The Virginia Supreme Court recently reemphasized the jury’s role in resolving fact issues, while reaffirming the standard for establishing an employer’s vicarious liability for its employees’ tortious (wrongful) acts.
The case is Our Lady of Peace, Inc. v. Morgan, 832 S.E.2d 15 (2019). The facts are horrible. The employer, Our Lady of Peace, is a nursing home. The employee was a nursing assistant. The victim was a nursing home resident who at the time of the incident was “weak, ill, partially paralyzed, helpless, and unable to cry out for help.”
One morning in August 2013, the employee “entered [the victim’s] room and undertook to provide care to her with the door closed and the privacy curtains drawn, with no one else present in the room except [her] disabled roommate.” At the time, she was bedridden, noncommunicative, and nourished by a feeding tube.
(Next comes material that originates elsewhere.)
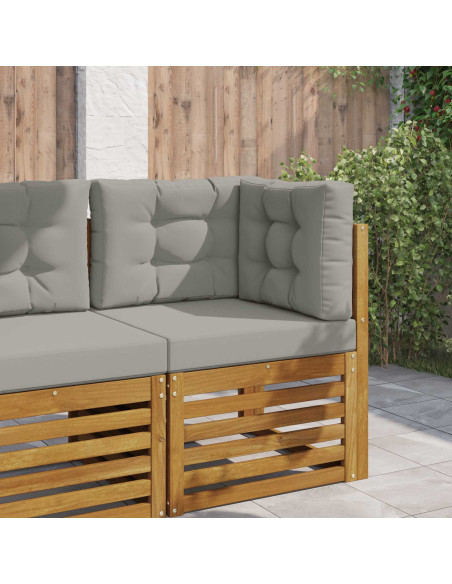 Cuscino per divano da esterno 3 pcs Grigio Poliestere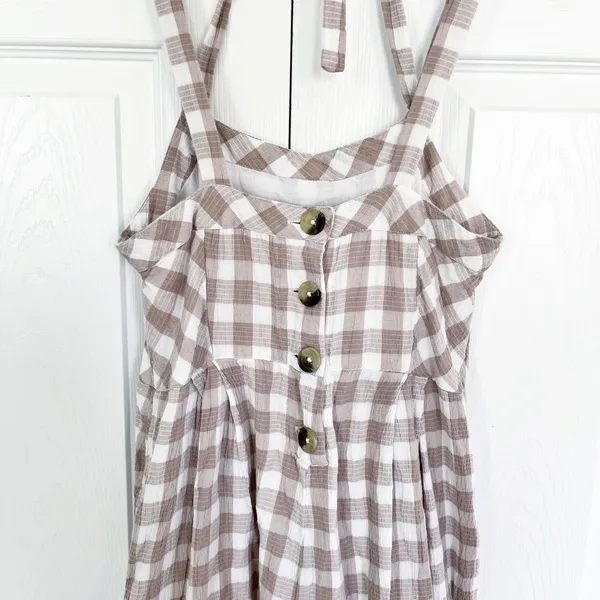 Free People Zuzu Seersucker Wide Leg Crop Jumpsuit Natural Gingham Cottagecore - Image 8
He allegedly entered the room with the intent to perform his assigned duties. Once there, while “performing his duties . . . in the course and scope of his employment . . ., [he] engaged in wrongful conduct that included, but was not limited to, raping” her as she lay incapacitated on her bed (emphasis added). In addition to rape, his wrongful conduct included “acts of touching, sexually abusing, and molesting” her.
The administrator of the victim’s estate filed suit against the employee and Our Lady of Peace. The estate asserted a variety of claims against the nursing home, including vicarious liability for the employee’s assault and battery.
Vicarious Liability
The standard for imposing vicarious liability on an employer for the tortious acts of its employee has not changed. The employer can be found liable—under the legal doctrine respondeat superior (Latin for let the master answer)—”if the employee was performing his employer’s business and acting within the scope of his employment.” The issue becomes what is within the scope of employment? According to the Virginia Supreme Court:
respondeat superior applies only when the relation of master and servant is shown to exist between the wrongdoer and the person sought to be charged for the result of some neglect or wrong at the time and in respect to the very transaction out of which the injury arose.” Under this job-related-service principle, while it is true that vicarious liability “is not limited to those acts of the servant which promote the object of the employment,” it is equally true that no such liability can be imposed if the tortious act did not arise out of the “very transaction,” or service or task, that the employee was being paid to perform.
In other words, to hold the employer liable, the employee’s wrongful actions must have taken place while he was performing a service or task he was being paid to perform.
The employee’s motive in committing the tortious act isn’t determinative in establishing a defense. It may be determinative, however, “in cases where the bad motive is accompanied by a deviation from the employer’s business” that is “marked and unusual” as opposed to “slight.”
The burden of proof for a vicarious liability claim in Virginia is unique because once a complaint alleges the existence of an employment relationship at the time of the wrongful action, the defendant bears the burden of production (offering sufficient evidence) for the scope-of-employment defense.
Our Lady of Peace attempted to have the claim dismissed before trial and argued allegations of molestation and rape made in the original complaint rebutted any presumption the employee was acting in the scope of his employment at the time of the wrongful acts.
Jury Must Determine Vicarious Liability
The Virginia Supreme Court found a jury could reasonably find the employee was engaged in a “specific job-related service” for Our Lady of Peace at the time he engaged in the wrongful “acts of touching, sexually abusing and molesting”—meaning the allegations would be sufficient for the claim to proceed—but it had “considerable difficulty saying the same for the allegation of rape.”
The supreme court considered it “unlikely that [the employee]’s motive was anything but exclusively evil when he raped [the victim],” and what he did was a deviation from his employer’s business.
Nevertheless, in relying on prior precedent, the Virginia Supreme Court held that based on the allegations and the unique presumption that shifts the burden of production to the defendant to establish the scope-of-employment defense, a jury must determine whether the rape was outside the scope of the employee’s employment.
The Way I See It . . .
This decision should come as no surprise. The Virginia Supreme Court has consistently emphasized the jury’s role in deciding the merits of claims. Even under the facts in Morgan, the court wouldn’t rule as a matter of law that rape was outside the scope of employment for determining an employer’s vicarious liability.
You need to be prepared to take matters to trial when you are being held responsible for the wrongful actions of your employees, regardless of how horrible the allegations.